We agreed it would be better to step from the back of the caboose to avoid being run over should we roll the wrong direction when we hit the ground. I set out to explore the train in an effort to find the easiest way to get through the caboose and onto the aft platform without drawing too much attention. Most of the passengers were either staring out the window at the snow-covered landscape or busy with their newspapers from around the world. I made the most of the opportunity to move about relatively unnoticed. The escape looked straight forward, and the sliding doors at the rear opened easily on their tracks.
I returned to our cabin and briefed Clark on what I’d found. We agreed if the train slowed sufficiently, we’d turn the caboose into our exit ramp.
The schedule put us at Moscow Rizhsky station at 9:42 a.m., so we estimated we’d make the outskirts of Moscow a few minutes after 9:00. We made our way separately through the dining car and coach class cars to the end of the train. Clark went first, with me following about four minutes behind. No one offered so much as a glance at the six-foot-four, backpack-wielding Canadian.

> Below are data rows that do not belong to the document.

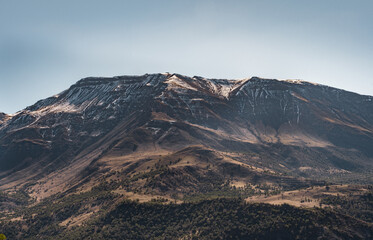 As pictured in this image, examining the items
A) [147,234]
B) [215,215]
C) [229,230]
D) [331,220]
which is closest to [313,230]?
[331,220]

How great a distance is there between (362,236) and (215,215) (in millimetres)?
80129

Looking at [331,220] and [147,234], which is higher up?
[331,220]

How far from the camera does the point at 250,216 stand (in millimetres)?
187000

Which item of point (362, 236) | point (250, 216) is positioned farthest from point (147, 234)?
point (362, 236)

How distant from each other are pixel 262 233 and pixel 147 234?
70954 millimetres

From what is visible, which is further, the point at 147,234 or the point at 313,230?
the point at 147,234

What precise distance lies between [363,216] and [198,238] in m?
102

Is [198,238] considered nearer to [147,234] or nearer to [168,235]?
[168,235]

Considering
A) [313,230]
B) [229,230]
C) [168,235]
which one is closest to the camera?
[313,230]

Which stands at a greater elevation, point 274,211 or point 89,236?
point 274,211

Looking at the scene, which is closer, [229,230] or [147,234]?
[229,230]

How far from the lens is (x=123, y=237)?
19550cm

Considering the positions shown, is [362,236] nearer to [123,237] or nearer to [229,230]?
[229,230]

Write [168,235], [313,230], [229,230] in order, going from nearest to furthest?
[313,230]
[229,230]
[168,235] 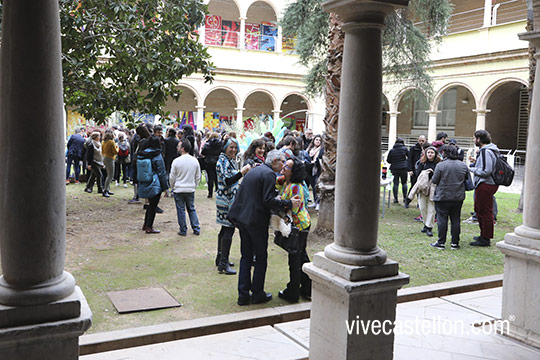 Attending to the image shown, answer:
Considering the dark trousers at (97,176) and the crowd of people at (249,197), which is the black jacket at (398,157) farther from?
the dark trousers at (97,176)

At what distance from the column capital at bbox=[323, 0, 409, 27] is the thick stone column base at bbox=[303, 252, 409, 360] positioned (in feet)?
5.66

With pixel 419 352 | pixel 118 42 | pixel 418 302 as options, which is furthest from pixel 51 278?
pixel 118 42

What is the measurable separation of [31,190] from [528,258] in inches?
161

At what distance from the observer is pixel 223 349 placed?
13.5ft

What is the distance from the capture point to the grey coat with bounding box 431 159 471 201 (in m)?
7.82

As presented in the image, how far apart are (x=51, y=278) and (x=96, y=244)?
5.38 metres

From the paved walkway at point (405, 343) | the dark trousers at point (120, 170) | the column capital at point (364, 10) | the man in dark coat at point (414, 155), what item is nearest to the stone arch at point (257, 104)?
the dark trousers at point (120, 170)

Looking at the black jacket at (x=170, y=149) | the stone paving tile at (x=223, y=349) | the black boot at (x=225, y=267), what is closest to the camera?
the stone paving tile at (x=223, y=349)

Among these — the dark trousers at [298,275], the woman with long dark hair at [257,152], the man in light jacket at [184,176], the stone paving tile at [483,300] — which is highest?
the woman with long dark hair at [257,152]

I hoped Clark had garnered no more attention, although I imagined if there were any fair maidens along the way, he wouldn’t have passed up the opportunity to wink and smile.
&nbs
p; Reaching the last door of the train, I estimated we were doing over sixty miles per hour—far too fast to survive a fall unscathed.
“At what speed are you willing to risk a jump?”

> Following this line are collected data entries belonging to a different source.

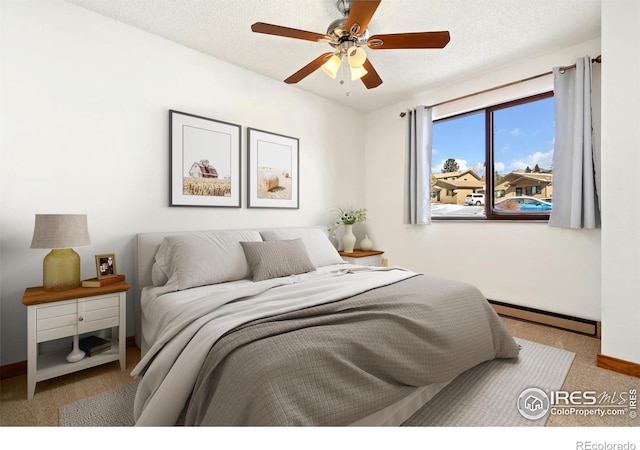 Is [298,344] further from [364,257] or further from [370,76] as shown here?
[364,257]

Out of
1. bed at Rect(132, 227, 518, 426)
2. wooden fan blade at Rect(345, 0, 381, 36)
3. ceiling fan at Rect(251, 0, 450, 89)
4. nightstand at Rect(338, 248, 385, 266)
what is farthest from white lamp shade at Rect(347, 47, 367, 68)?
nightstand at Rect(338, 248, 385, 266)

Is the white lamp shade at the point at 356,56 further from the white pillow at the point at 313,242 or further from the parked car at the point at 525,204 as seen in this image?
the parked car at the point at 525,204

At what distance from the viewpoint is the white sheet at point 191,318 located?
1241 millimetres

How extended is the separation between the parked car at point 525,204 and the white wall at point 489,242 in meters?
0.20

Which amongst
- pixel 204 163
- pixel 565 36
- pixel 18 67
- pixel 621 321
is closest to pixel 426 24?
pixel 565 36

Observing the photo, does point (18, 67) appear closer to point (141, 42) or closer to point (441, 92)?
point (141, 42)

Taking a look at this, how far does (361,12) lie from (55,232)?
87.4 inches

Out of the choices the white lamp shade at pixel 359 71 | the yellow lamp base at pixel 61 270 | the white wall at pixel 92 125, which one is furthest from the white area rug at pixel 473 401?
the white lamp shade at pixel 359 71

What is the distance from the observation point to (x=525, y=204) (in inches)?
125

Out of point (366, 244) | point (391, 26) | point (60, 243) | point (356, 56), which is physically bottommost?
point (366, 244)

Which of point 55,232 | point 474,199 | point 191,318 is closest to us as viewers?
point 191,318

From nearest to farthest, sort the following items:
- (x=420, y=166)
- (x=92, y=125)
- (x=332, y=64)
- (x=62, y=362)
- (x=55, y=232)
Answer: (x=55, y=232) < (x=62, y=362) < (x=332, y=64) < (x=92, y=125) < (x=420, y=166)

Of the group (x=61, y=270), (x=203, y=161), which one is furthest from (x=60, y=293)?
(x=203, y=161) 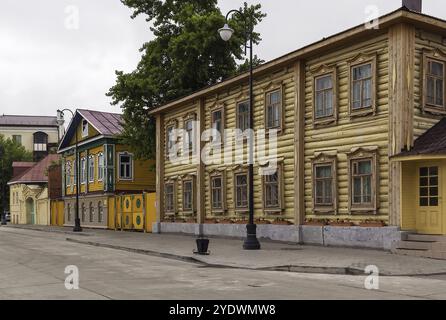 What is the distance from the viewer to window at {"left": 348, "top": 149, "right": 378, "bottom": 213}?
62.9ft

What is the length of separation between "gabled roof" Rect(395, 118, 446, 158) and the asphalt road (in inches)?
184

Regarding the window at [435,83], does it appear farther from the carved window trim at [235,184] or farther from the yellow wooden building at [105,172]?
the yellow wooden building at [105,172]

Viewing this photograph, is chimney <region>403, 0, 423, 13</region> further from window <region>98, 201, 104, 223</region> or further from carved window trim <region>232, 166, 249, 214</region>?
window <region>98, 201, 104, 223</region>

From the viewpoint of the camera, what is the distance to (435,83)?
1950cm

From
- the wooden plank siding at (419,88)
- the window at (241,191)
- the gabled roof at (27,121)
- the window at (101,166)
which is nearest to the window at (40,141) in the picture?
the gabled roof at (27,121)

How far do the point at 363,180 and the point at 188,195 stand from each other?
42.9ft

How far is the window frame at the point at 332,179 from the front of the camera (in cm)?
2081

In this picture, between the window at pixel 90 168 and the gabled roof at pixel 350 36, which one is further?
the window at pixel 90 168

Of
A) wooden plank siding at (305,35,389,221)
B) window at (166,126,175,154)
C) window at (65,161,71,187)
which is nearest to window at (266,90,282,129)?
wooden plank siding at (305,35,389,221)

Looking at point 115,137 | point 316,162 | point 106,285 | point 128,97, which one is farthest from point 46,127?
point 106,285

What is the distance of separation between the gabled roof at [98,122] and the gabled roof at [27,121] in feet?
184

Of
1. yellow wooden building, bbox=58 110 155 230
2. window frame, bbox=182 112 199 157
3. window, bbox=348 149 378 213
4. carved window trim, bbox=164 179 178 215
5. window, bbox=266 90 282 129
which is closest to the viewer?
window, bbox=348 149 378 213

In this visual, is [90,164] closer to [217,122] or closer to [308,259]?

“I was just about to ask you the same thing,” I said.
“It’s risky, but I still think it’s a better plan than dealing with security at the station.”
“I think we need to consider the possibility of one of us getting hurt. If I go first and don’t fare well, maybe you should consider continuing and taking your chances at the station.”

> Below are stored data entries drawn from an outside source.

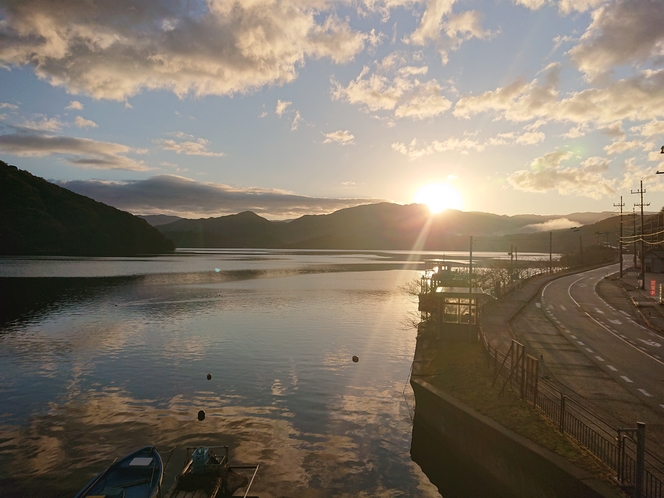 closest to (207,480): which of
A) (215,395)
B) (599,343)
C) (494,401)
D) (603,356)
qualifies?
(215,395)

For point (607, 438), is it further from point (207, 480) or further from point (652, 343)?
point (652, 343)

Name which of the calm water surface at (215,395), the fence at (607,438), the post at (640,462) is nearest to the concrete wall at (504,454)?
the post at (640,462)

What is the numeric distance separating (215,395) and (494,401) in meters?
16.9

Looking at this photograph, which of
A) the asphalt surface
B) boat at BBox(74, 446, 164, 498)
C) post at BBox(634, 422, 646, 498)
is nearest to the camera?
post at BBox(634, 422, 646, 498)

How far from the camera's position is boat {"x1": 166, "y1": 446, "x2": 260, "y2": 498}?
620 inches

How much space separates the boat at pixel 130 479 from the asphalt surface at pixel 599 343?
17376 millimetres

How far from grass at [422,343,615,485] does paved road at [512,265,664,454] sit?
10.2 feet

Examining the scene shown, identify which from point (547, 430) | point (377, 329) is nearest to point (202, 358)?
point (377, 329)

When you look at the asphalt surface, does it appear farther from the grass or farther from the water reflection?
the water reflection

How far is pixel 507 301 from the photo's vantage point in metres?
60.4

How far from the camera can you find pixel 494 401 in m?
19.8

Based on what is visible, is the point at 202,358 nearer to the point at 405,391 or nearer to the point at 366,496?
the point at 405,391

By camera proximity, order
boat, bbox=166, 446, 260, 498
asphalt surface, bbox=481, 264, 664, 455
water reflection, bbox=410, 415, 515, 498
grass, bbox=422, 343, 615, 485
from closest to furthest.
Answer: grass, bbox=422, 343, 615, 485 → boat, bbox=166, 446, 260, 498 → water reflection, bbox=410, 415, 515, 498 → asphalt surface, bbox=481, 264, 664, 455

He shook his head. “No way. I’m not leaving you alone and wounded on the side of the tracks in Moscow. Are you kidding me? I’ve seen how Russian girls swoon over you. You’d have half the women under eighty tending to your wounds, and the other half pregnant. I’d never see you again. We’re going together.”
I chuckled. “I have to admit, I am big with the over-seventy Muscovite girls. It’s a burden, but we all have our crosses to bear.”
The train began to decelerate.
Clark said, “Okay, Playboy. It’s time to shit or cut bait. Or maybe fish or get off the pot. Whatever it is, it’s time to do it.”
I slid the door to its stops and stepped onto the platform with Clark half a step behind me. The ground was whirring by as we continued eastward, still at forty miles per hour.
I glanced over my shoulder. “What do you think?”
The look on his face told me what he was thinking before he said it. “It’s too fast. A few bruises are okay, but a broken bone any bigger than a finger is going to send this operation down the crapper.”
I nodded in agreement and watched the frozen, snow-covered earth continue past the toes of my boots. That’s when the gods who hear the prayers of an assassin came to our rescue.
The speaker above our heads crackled, and the conductor spoke again in every language he knew. “I’m sorry, ladies and gentleman, but we are forced to make a temporary sidetrack delay to allow another train to pass. We will be back on our way in just a few minutes, and we will still make our scheduled arrival time at Moscow Rizhsky station.”